Hobos are too often confused with homeless beggars, they say, when they were in fact self-reliant migrant workers with a code of honor and sense of brotherhood.
"The hobo was never a homeless person except by choice," said Garth Bishop, who calls himself "Captain Cook" in the hobo tradition of taking a nickname to obscure a troubled past -- which in Mr. Bishop's case, is nothing worse than working in publishing in Los Angeles. "He would hop the next train to the next job. It was just a chosen means of transportation."
To promote the hobo cause, a handful of nostalgia buffs have founded the Hobo Association, many of whose 5,000 members have never ridden the rails. There is also the Hobo Times, a six-issue-a-year publication that includes tips on hopping freights while officially discouraging the practice, since it is illegal -- and lists of forthcoming celebrations.
There is even an 800 number for more information: (800) 622-HOBO.
"These guys are doing a great job," said Guitar Whitey, a 72-year-old hobo who still rides six months a year.
Bobb Hopkins, 44, is one of the new breed who rides the rails for sheer joy, and at his own convenience. He's never begged a sandwich or passed a bottle of muscatel, yet loves the feel of a boxcar. "It's like a symphony of sounds," said Mr. Hopkins, "the tick-tick of the rail, the wind, the horn . . . ."
To reach a hobo celebration held in Brainerd earlier this month, Mr. Hopkins took a redeye flight from his home in Los Angeles, where he writes screenplays.
He arrived at Minneapolis airport about 7:15 a.m., dressed in his train-riding clothes: freshly washed blue jeans, a flannel shirt and suspenders, work boots. He carried an Instamatic camera. With him were three other hobo hobbyists, including "Captain Cook" Bishop, the editor of the Hobo Times, and Bob "Itchy Foot" Spediacci, vice president of California Express courier service.

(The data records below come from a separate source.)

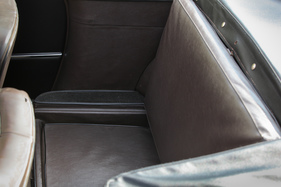 Renault Caravelle 1100 (1964) - keine wirkliche Sitzbank, eher eine Ergänzung zum Kofferraum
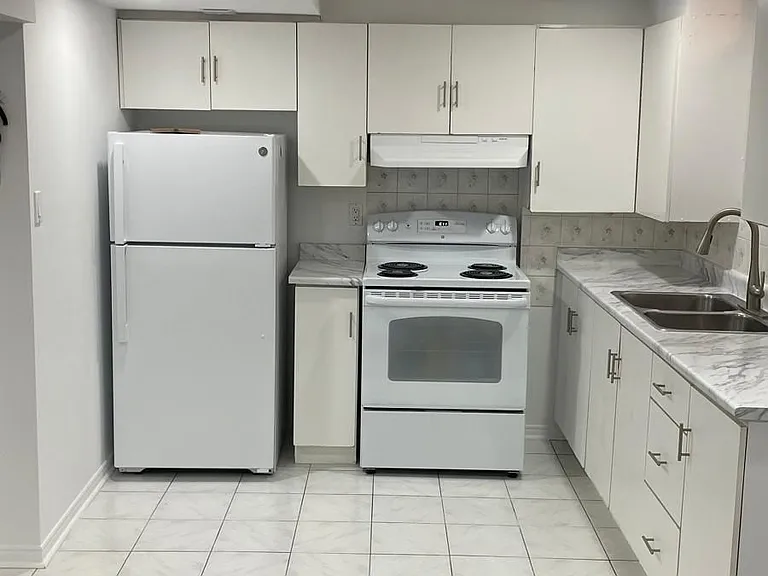59 Houndtrail Dr #BASEMENT — Photo 6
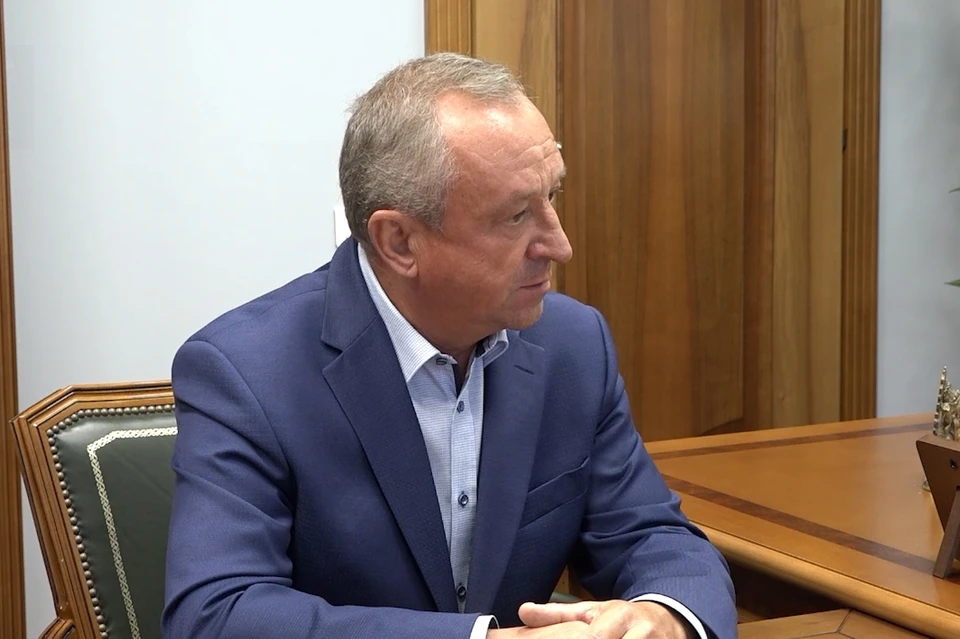Глава региона вручил Рудакову знак отличия. Фото: скриншот видео из телеграм-канала Вячеслава Федорищева
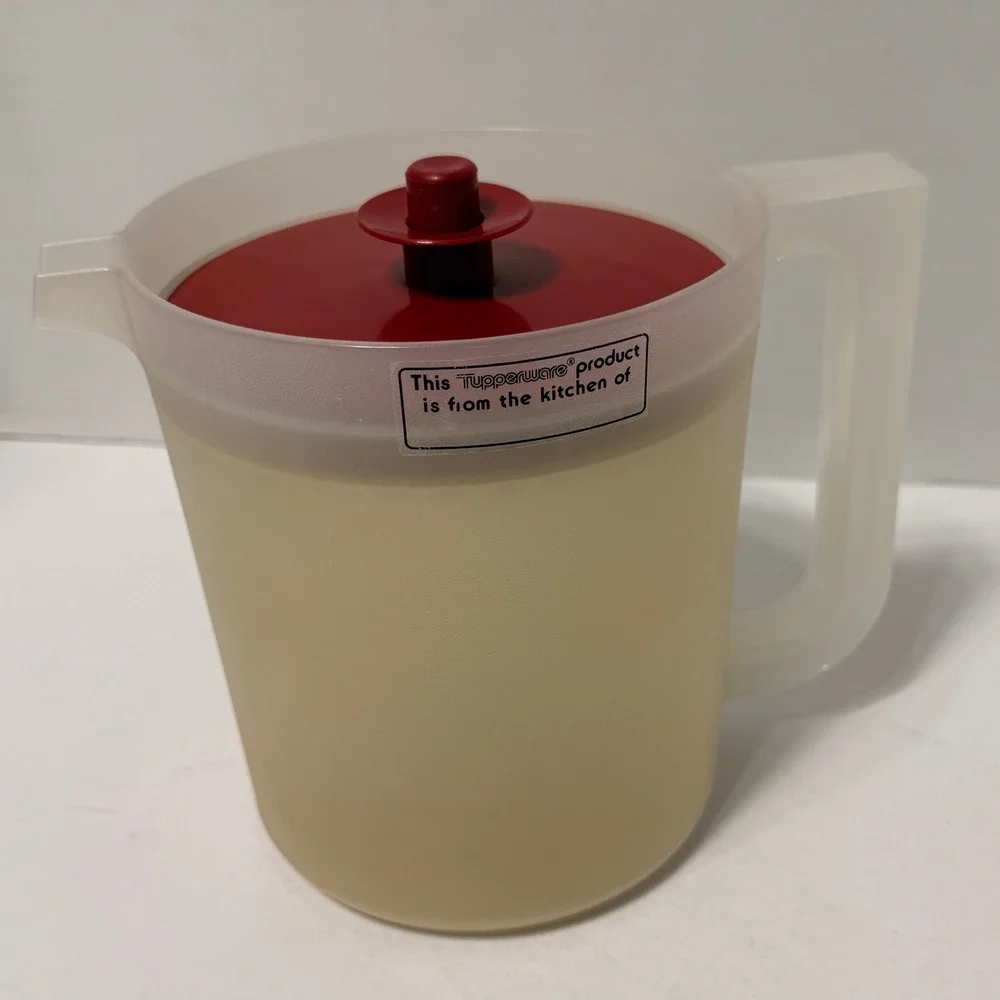 Vintage Tupperware 1 Quart Pitcher Red Push Button Sunburst Lid Made‎ in USA *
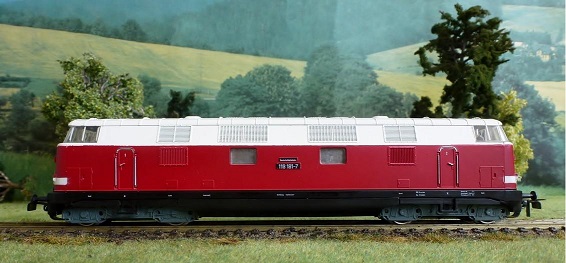 Piko - Dieselová lokomotiva BR 118 181 DR - HO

The group headed immediately for the Alamo car rental counter, where they rented a white Cadillac. "More room," explained Mr. Hopkins.

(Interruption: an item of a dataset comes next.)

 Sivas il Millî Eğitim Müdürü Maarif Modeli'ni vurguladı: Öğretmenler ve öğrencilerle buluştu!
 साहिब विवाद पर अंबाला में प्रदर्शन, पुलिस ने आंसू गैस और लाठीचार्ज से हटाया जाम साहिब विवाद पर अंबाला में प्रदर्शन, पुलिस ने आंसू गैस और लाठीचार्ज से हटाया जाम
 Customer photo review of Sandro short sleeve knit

Mr. Hopkins tried to explain the appeal of hopping trains.
"It's one of the few things you can do in a technological age that is truly independent," he said.
Guitar Whitey said there was an illicit lure to rail hopping.
"The part that gives it the flavor is the part that it's illegal," said Whitey. "It's dangerous, it's dirty, and any number of things could go wrong. If it was all cut and dried, there wouldn't be anything to it."
Along with the weekend hobos like Mr. Hopkins and his friends, the gatherings attract more authentic tramps, some of whom seem a little confounded by their new, yuppie brethren.
Sitting on a bar stool in Brainerd, for instance, was Ernest Hanson, 83, who rode the rails 60 years ago when they were steam trains.
Looking around him at the newer, younger professionals drinking imported beer, he smiled and said only, "I think they're enjoying it, and that's fine."